[Work item]
Transcribe the listing precisely, entry by entry.

-----

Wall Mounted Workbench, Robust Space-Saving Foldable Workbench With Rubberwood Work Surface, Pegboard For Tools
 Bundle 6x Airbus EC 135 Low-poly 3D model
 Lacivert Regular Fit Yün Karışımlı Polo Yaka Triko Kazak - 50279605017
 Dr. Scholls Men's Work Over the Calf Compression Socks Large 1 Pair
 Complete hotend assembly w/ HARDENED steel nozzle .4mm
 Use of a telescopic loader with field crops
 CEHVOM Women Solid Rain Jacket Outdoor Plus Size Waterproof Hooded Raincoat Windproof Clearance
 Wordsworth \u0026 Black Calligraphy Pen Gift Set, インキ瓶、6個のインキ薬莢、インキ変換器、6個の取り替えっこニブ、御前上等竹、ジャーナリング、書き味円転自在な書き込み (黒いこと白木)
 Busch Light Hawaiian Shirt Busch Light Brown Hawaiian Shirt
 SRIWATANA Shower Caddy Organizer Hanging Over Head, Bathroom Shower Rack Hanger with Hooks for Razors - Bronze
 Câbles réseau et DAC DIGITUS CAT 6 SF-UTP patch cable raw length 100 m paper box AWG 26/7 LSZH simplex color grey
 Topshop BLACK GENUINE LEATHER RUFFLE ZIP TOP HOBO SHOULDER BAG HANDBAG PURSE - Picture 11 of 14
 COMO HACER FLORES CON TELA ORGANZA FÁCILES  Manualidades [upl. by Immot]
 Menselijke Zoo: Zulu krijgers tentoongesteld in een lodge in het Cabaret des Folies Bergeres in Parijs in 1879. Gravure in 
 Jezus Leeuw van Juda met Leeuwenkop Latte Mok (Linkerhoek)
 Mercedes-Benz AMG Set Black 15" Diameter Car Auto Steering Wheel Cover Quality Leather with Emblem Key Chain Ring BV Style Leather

-----

[Response to the exercise]
Wall Mounted Workbench, Robust Space-Saving Foldable Workbench With Rubberwood Work Surface, Pegboard For Tools
 Bundle 6x Airbus EC 135 Low-poly 3D model
 Lacivert Regular Fit Yün Karışımlı Polo Yaka Triko Kazak - 50279605017
 Dr. Scholls Men's Work Over the Calf Compression Socks Large 1 Pair
 Complete hotend assembly w/ HARDENED steel nozzle .4mm
 Use of a telescopic loader with field crops
 CEHVOM Women Solid Rain Jacket Outdoor Plus Size Waterproof Hooded Raincoat Windproof Clearance
 Wordsworth \u0026 Black Calligraphy Pen Gift Set, インキ瓶、6個のインキ薬莢、インキ変換器、6個の取り替えっこニブ、御前上等竹、ジャーナリング、書き味円転自在な書き込み (黒いこと白木)
 Busch Light Hawaiian Shirt Busch Light Brown Hawaiian Shirt
 SRIWATANA Shower Caddy Organizer Hanging Over Head, Bathroom Shower Rack Hanger with Hooks for Razors - Bronze
 Câbles réseau et DAC DIGITUS CAT 6 SF-UTP patch cable raw length 100 m paper box AWG 26/7 LSZH simplex color grey
 Topshop BLACK GENUINE LEATHER RUFFLE ZIP TOP HOBO SHOULDER BAG HANDBAG PURSE - Picture 11 of 14
 COMO HACER FLORES CON TELA ORGANZA FÁCILES  Manualidades [upl. by Immot]
 Menselijke Zoo: Zulu krijgers tentoongesteld in een lodge in het Cabaret des Folies Bergeres in Parijs in 1879. Gravure in 
 Jezus Leeuw van Juda met Leeuwenkop Latte Mok (Linkerhoek)
 Mercedes-Benz AMG Set Black 15" Diameter Car Auto Steering Wheel Cover Quality Leather with Emblem Key Chain Ring BV Style Leather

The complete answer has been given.